A normal and healthy attitude to failures and mistakes can have a person who was loved in childhood, not for the successes achieved, but just for themselves, and who has developed a positive self-esteem, a positive perception of themselves, regardless of the specific results of actions, an inner point of support. This is an important prerequisite for a calm, constructive, healthy attitude to mistakes and the ability to turn mistakes into developmental resources.
Conclusion
This article aimed to reveal the general explanatory principle of autroregulation of activity in the context of the “functional paradigm” at the level of specific executive mechanisms that implement the principle of autoregulation of activity in various links of this holistic process. The proposed model reveals the explanatory possibilities of cultural-historical activity psychology in the light of modern challenges facing a changing personality in the changing world (A.G. Asmolov). Special attention is paid to distortions in different links of aurtoregulation, their systematization, which allows us to approach the targets of psychological assessment of both successful and disturbed self-regulation and thereby fulfill the task of developing a methodology of complex assessment of personality potential.
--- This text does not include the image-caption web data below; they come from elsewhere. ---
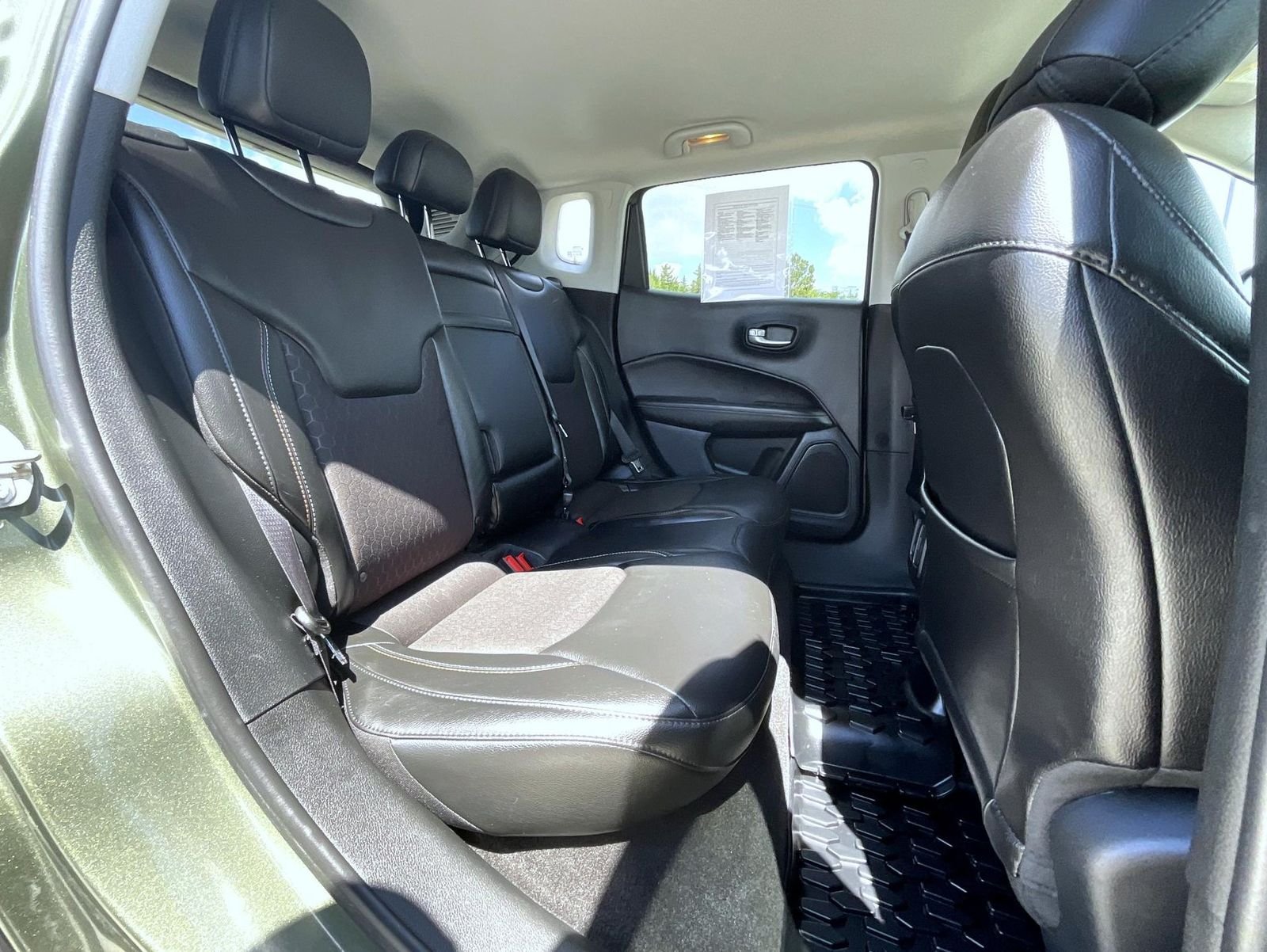 Used 2018 Green Jeep Latitude image 20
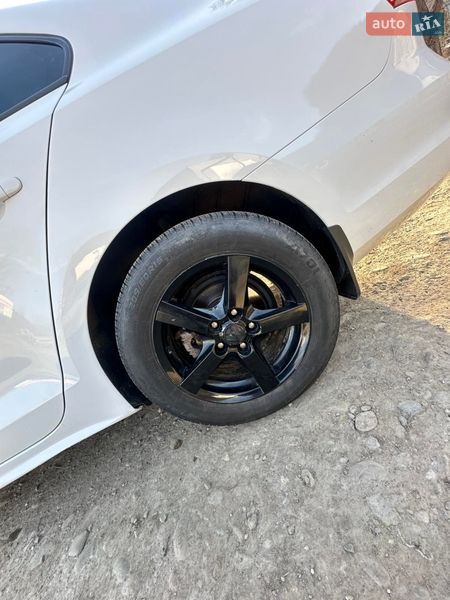 Седан Volkswagen Jetta 2015 в Рахове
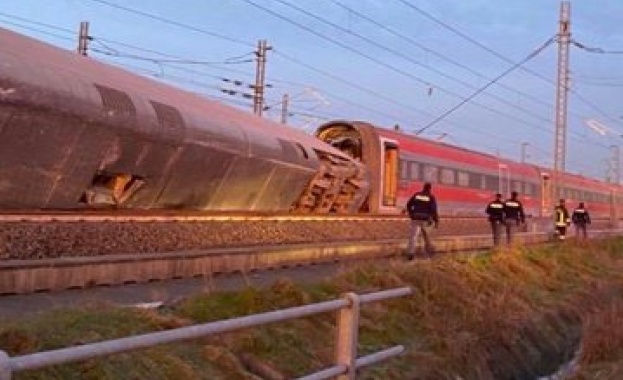 Високоскоростен влак е дерайлирал в Италия по конкретно в участък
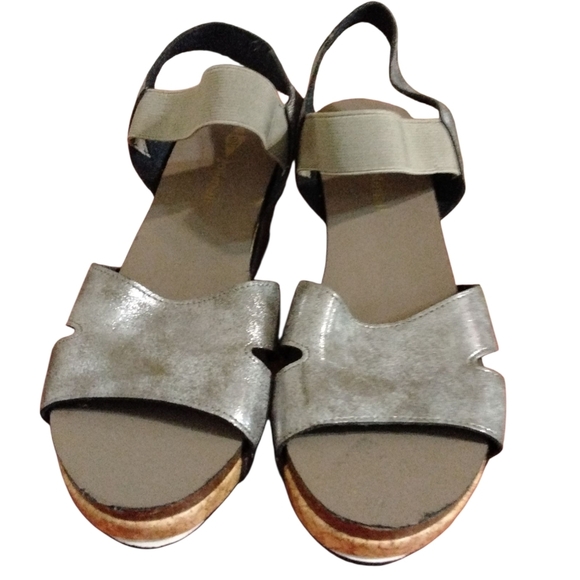 Jolimail Genuine Leather Metallic Strappy Silver Sandal Size 8 - Picture 2 of 10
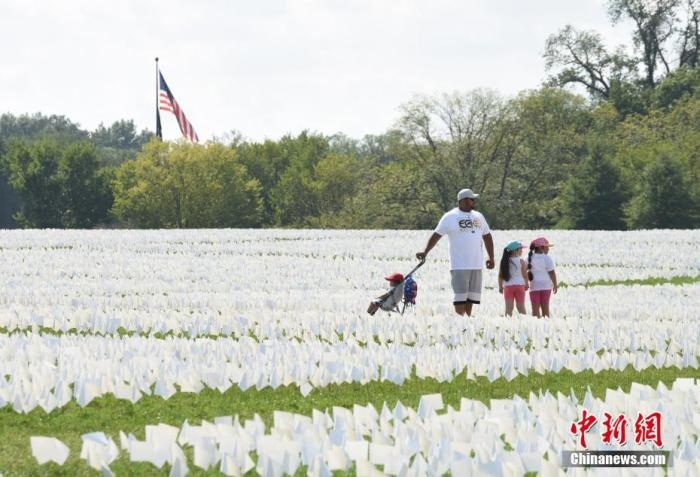 當(dāng)?shù)貢r(shí)間2021年9月18日，美國(guó)首都華盛頓國(guó)家廣場(chǎng)上插著數(shù)十萬(wàn)白色旗幟，悼念新冠逝者。這個(gè)名為“在美國(guó)：銘記”藝術(shù)裝置由美國(guó)藝術(shù)家弗斯滕伯格(Suzanne Firstenberg)策劃，她計(jì)劃在兩周內(nèi)與公眾一起在華盛頓國(guó)家廣場(chǎng)插上與美國(guó)新冠死亡病例數(shù)對(duì)應(yīng)的白旗，以示悼念。 <a target='_blank' href='/'>中新社</a>記者 陳孟統(tǒng) 攝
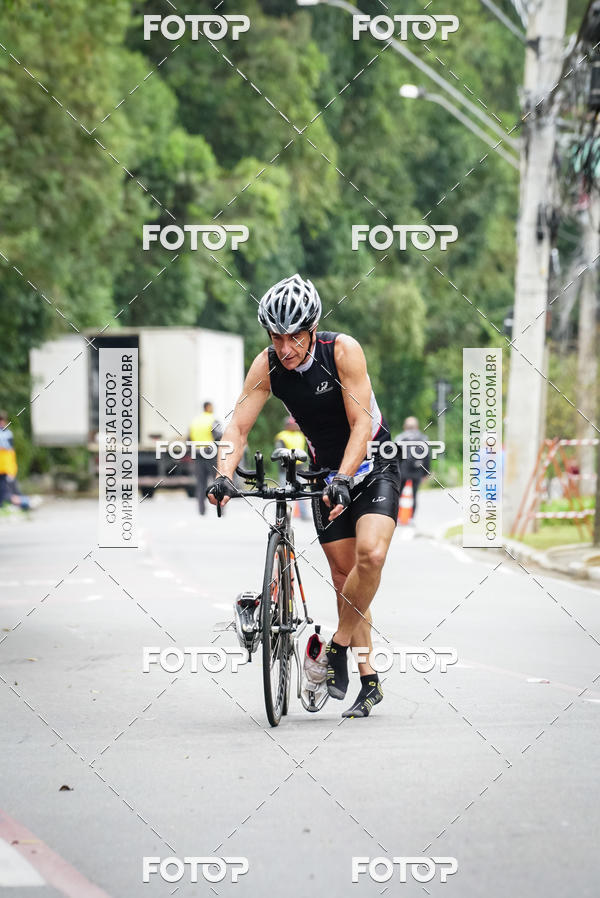 Buy your photos of the eventVSERIES Duathlon & Running on Fotop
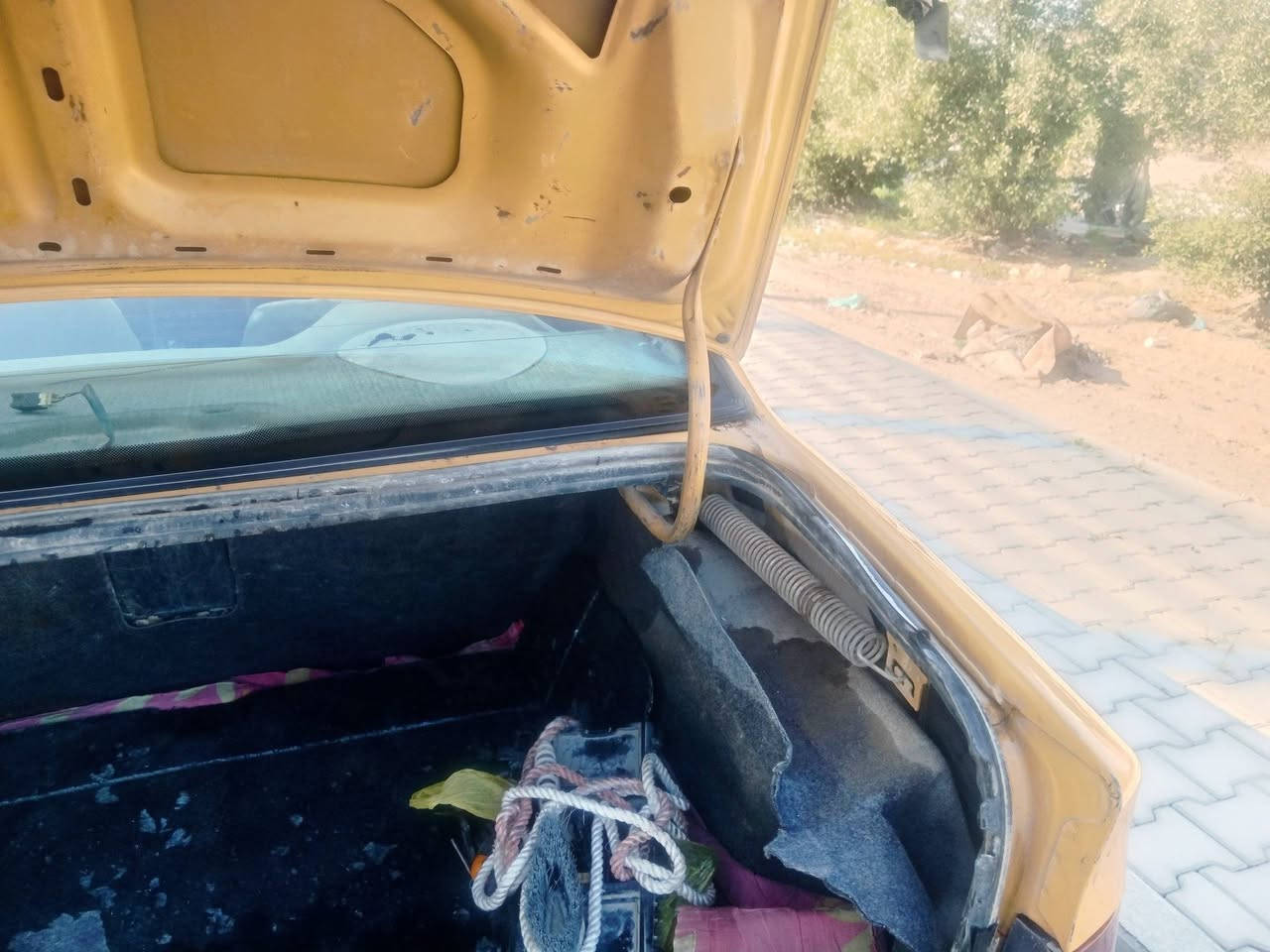 السلام عليكم سياره سمند رقم بغداد موديل 11 سياره حلوه كلها على البلاد بوديها كلش نظيفف مكلف النشر السياره معروضه ب 13 ورقه قفل تواصل على رقم الهاتف ***********
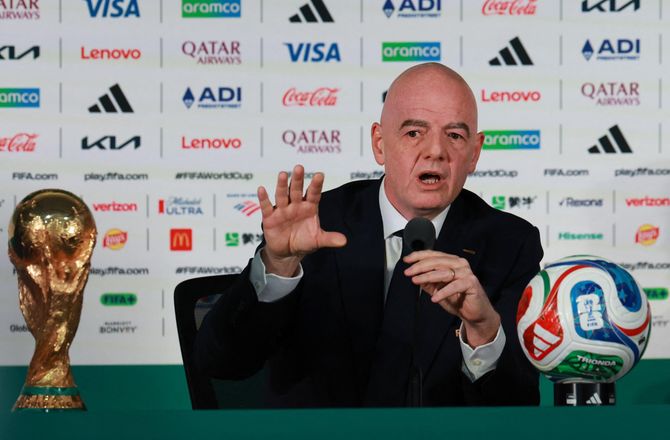 FIFA VM -Infantino maner til ro: Vi er ikke verdens konger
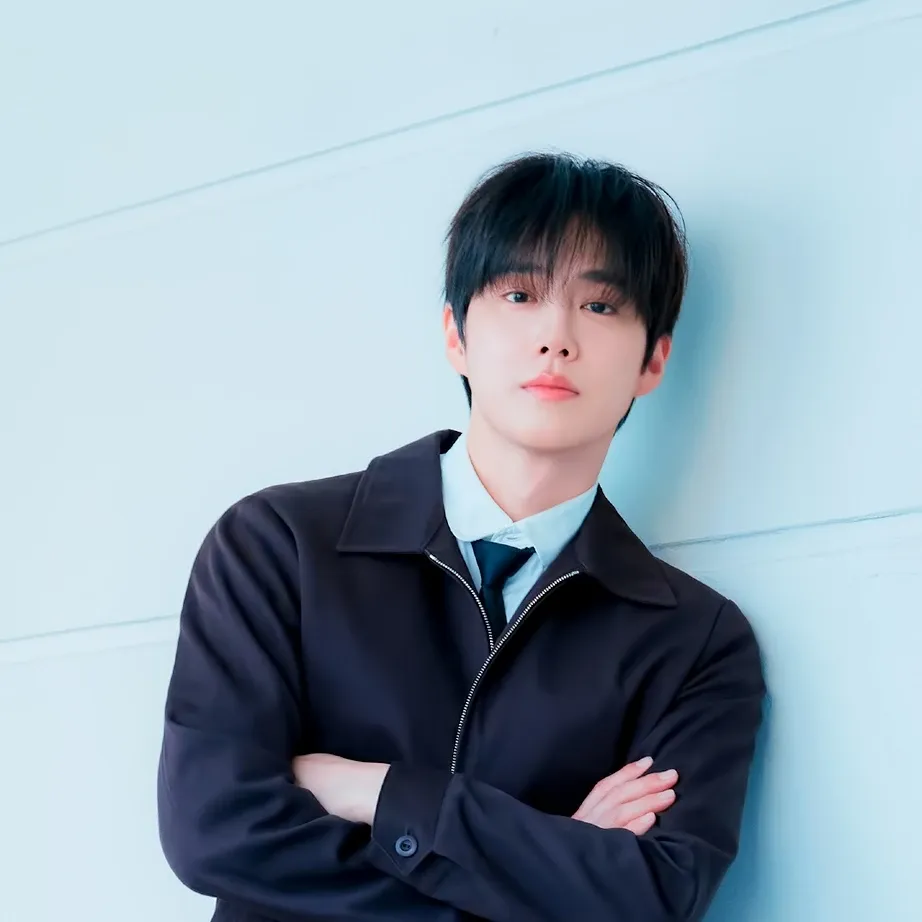 Behind-the-scenes cut of Suho
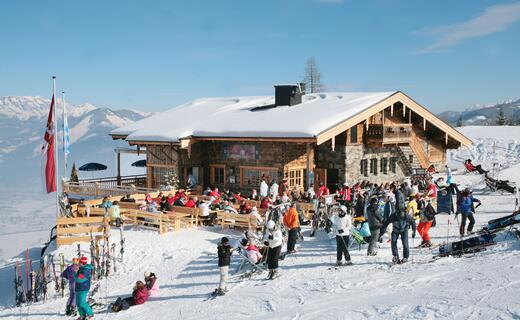 SAULOCH ALM | © Kitzsteinhorn Urige Hütte mit grandiosem Ausblick ins Zeller Becken | © Kitzsteinhorn
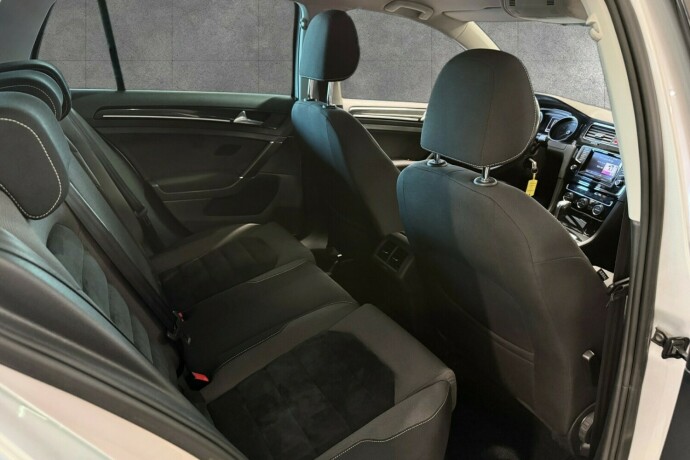 volkswagen-golf-diesel-2013-big-20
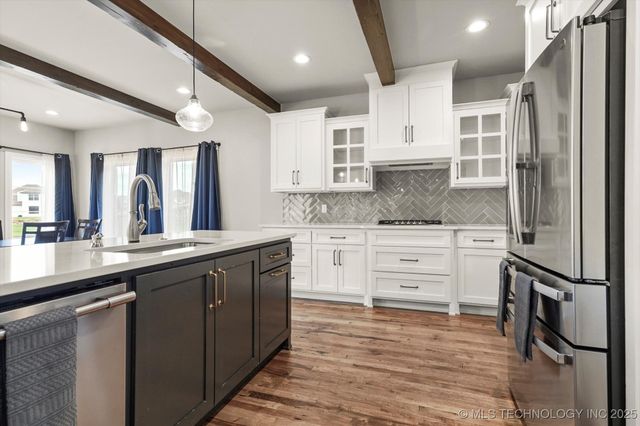 14271 S College Avenue, Bixby, OK 74008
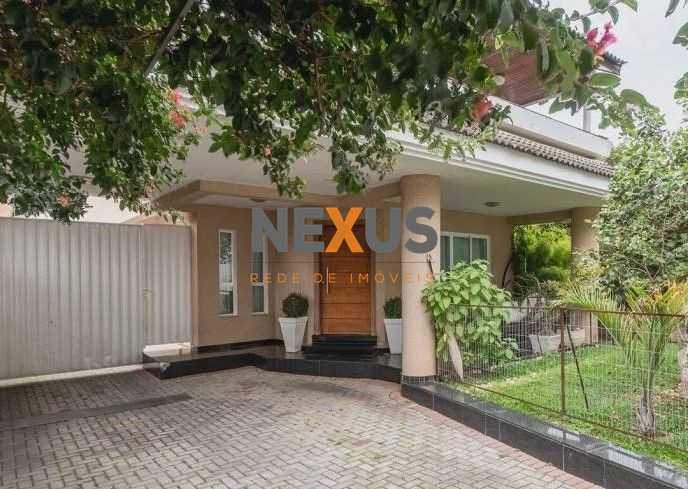 Sobrado com 4 dormitórios à venda, bairro GUAÍRA - CURITIBA - PR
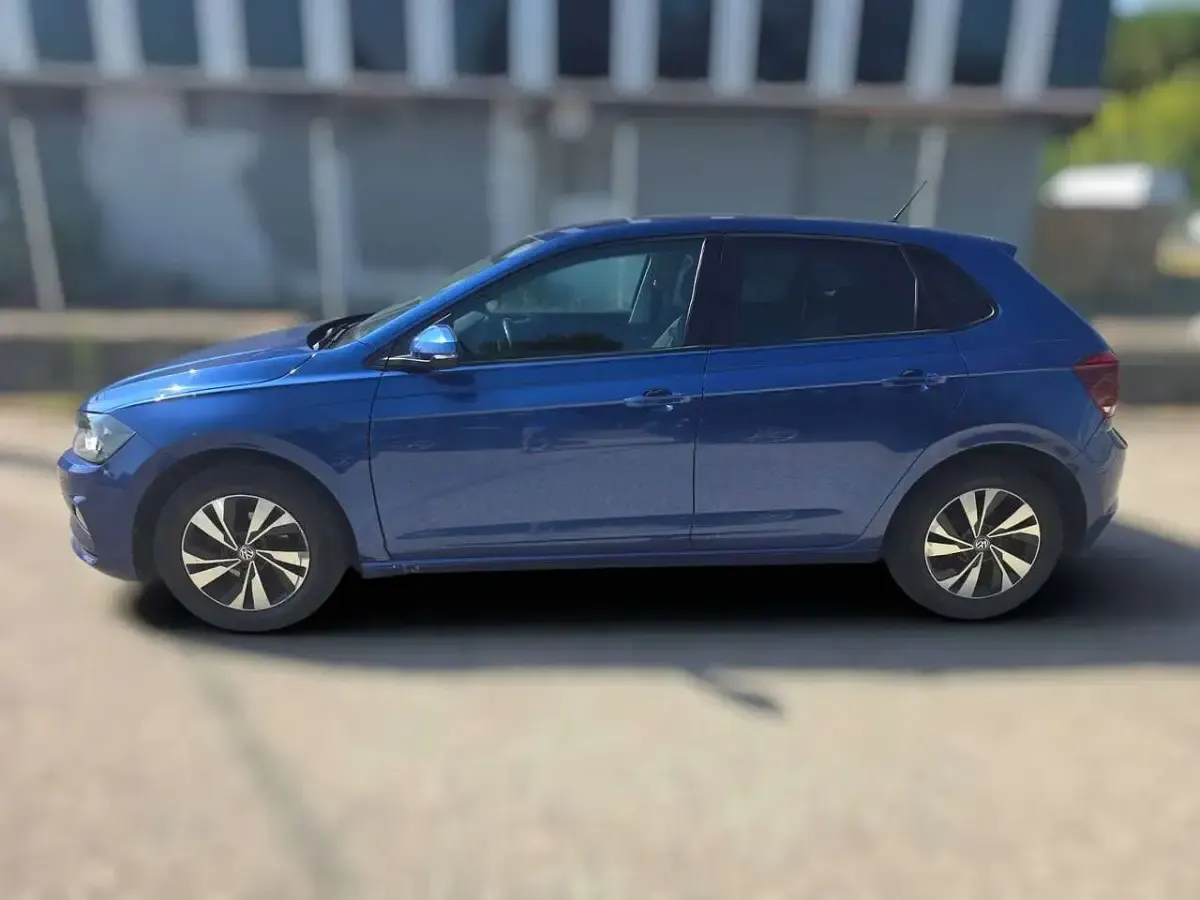 Usata VW Polo Comfortline 95 CV (69 kW) 2018 Blu/azzurro Utilitaria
In other words, the above general scheme reveals specific mechanisms of how we can live well and how we can live badly. Successful autoregulation allows maximizing the use of available and building up missing resources of the personality for successful achievement of goals and preservation of personality stability in different domains of life activity. Disturbed self-regulation leads to problems in preserving stability and achieving goals even with enough resources. Our life by and large is what we want, what we strive for. A person does not always choose what they want, but they always do what they choose [14]. We make our own choices. Some of them are more controlled by ourselves, some less controlled for various reasons. If we come to results that do not satisfy us, then perhaps we should take more control over the choices we make,
[1] We consider the concept of Cultural-Historical Activity Theory, CHAT, which has taken root in foreign works over the last two or three decades, to be appropriate and adequate.